Why is this an improvement over just nicing the "make -j64" into the basement and letting the interactive jobs have their way as needed? (Likely possibilities are that it is automatic, or maybe there is something about disk IO scheduling happening from the task groups as well.)
It includes this discussion:
No, it won't. The target audience is those folks who don't _do_ the configuration they _could_ do, folks who don't use SCHED_IDLE or nice, or the power available through userspace cgroup tools.. folks who expect their box to "just work", out of the box.
Yes, and yes. Previously you could set things like this up explicitly, this makes it (optionally) automatic.
> Why is this an improvement over just nicing the "make -j64" into the basement
That gives you... I think 10% less CPU weight per level, so you can get down to 13% of base. So your 64 processes will still weigh about 8x one base process.
This lets you consider everything spawned from your terminal as one group, and everything from your X session as another, so your compile processes collectively (no matter how many you have) weigh as much as your GUI processes collectively weigh.
I don't have enough context to fully follow it, but it sounds like it sets up a better hueristic for grouping related processes into task groups in the scheduler.
By the way, your post is the single most obvious statement I've read this year. You got upvoted just because you capitalized some words?
(TBH I have no idea why I got upvoted, it wasn't that insightful, but I stick by what I said)

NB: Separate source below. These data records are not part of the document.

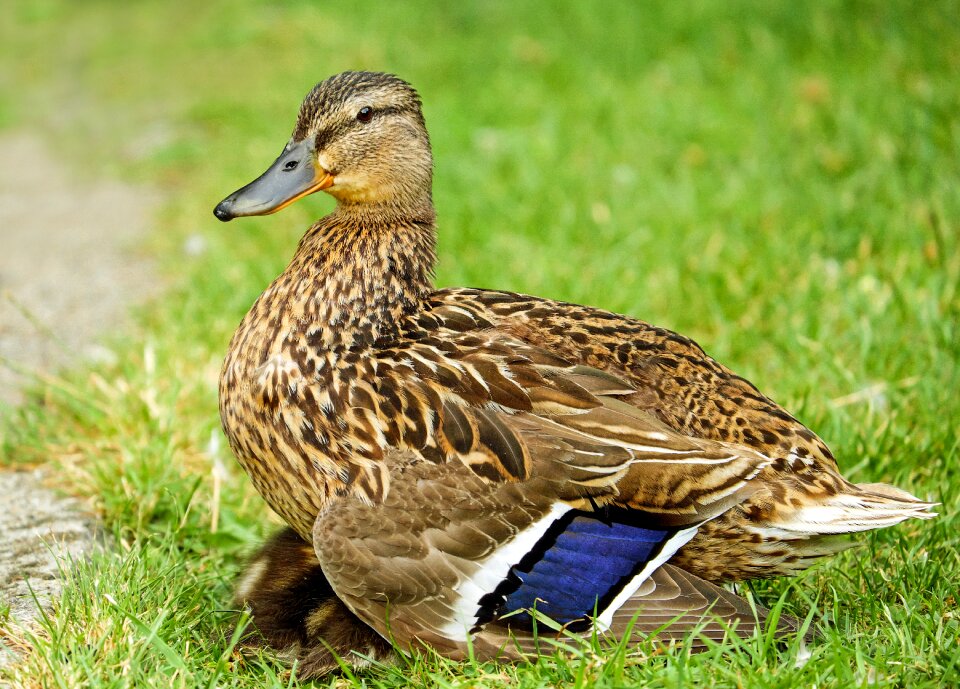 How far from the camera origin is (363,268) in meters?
3.06

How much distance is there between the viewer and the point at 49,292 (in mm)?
5430

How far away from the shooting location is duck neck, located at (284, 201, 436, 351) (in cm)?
296

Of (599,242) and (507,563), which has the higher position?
(599,242)

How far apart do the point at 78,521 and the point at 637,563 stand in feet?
5.75

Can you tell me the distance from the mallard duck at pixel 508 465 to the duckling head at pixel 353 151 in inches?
1.7

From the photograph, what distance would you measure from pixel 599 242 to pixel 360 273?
2.50 m

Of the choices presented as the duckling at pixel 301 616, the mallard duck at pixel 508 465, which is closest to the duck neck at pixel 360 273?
the mallard duck at pixel 508 465

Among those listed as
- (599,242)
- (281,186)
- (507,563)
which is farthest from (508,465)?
(599,242)

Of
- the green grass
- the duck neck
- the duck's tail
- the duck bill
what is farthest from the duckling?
the duck's tail

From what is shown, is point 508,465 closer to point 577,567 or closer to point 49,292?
point 577,567

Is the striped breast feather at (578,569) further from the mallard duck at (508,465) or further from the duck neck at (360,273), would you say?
the duck neck at (360,273)

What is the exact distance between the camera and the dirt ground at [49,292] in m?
3.14

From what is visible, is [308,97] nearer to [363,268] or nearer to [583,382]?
[363,268]

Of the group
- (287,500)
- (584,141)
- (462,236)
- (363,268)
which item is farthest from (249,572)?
(584,141)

(EDIT: I'm talking about gnome-startup. That's a stupid regression that never should've happened. The mplayer performance bug is totally understandable if you're mucking with the scheduler. What we really need is for someone (distros?) to pick up cgroups and provide a nice UI for it, some sane but nondestructive defaults, etc. Until then, this is a nice patch that keeps badly behaving programs from dragging down the entire system. At the very least, we mostly get user separation in multi-user environments.)
As long as the fixed overhead of the patch is small (which the linked thread seems to indicate) this should be a sizable win for desktop Linux boxes without much downside for server loads.
In recent weeks and months there has been quite a bit of work towards improving the responsiveness of the Linux desktop with some very significant milestones building up recently and new patches continuing to come. This work is greatly improving the experience of the Linux desktop when the computer is withstanding a great deal of CPU load and memory strain. Fortunately, the exciting improvements are far from over. There is a new patch that has not yet been merged but has undergone a few revisions over the past several weeks and it is quite small -- just over 200 lines of code -- but it does wonders for the Linux desktop.
The patch being talked about is designed to automatically create task groups per TTY in an effort to improve the desktop interactivity under system strain. Mike Galbraith wrote the patch, which is currently in its third version in recent weeks, after Linus Torvalds inspired this idea. In its third form (patch), this patch only adds 224 lines of code to the kernel's scheduler while stripping away nine lines of code, thus only 233 lines of code are in play.
Tests done by Mike show the maximum latency dropping by over ten times and the average latency of the desktop by about 60 times. Linus Torvalds has already heavily praised (in an email) this miracle patch.
Yeah. And I have to say that I'm (very happily) surprised by just how small that patch really ends up being, and how it's not intrusive or ugly either.
I'm also very happy with just what it does to interactive performance. Admittedly, my "testcase" is really trivial (reading email in a web-browser, scrolling around a bit, while doing a "make -j64" on the kernel at the same time), but it's a test-case that is very relevant for me. And it is a _huge_ improvement.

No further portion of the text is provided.